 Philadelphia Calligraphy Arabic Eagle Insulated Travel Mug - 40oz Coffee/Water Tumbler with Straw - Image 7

· · · · · · ·

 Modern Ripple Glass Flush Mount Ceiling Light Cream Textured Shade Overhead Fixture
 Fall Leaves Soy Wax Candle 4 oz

· · · · · · ·

Of the lines above, extract only those from the line with "Modern Ripple Glass" to the line with "Fall Leaves Soy Wax Candle 4 oz", both included, exactly as written.

 Modern Ripple Glass Flush Mount Ceiling Light Cream Textured Shade Overhead Fixture
 Fall Leaves Soy Wax Candle 4 oz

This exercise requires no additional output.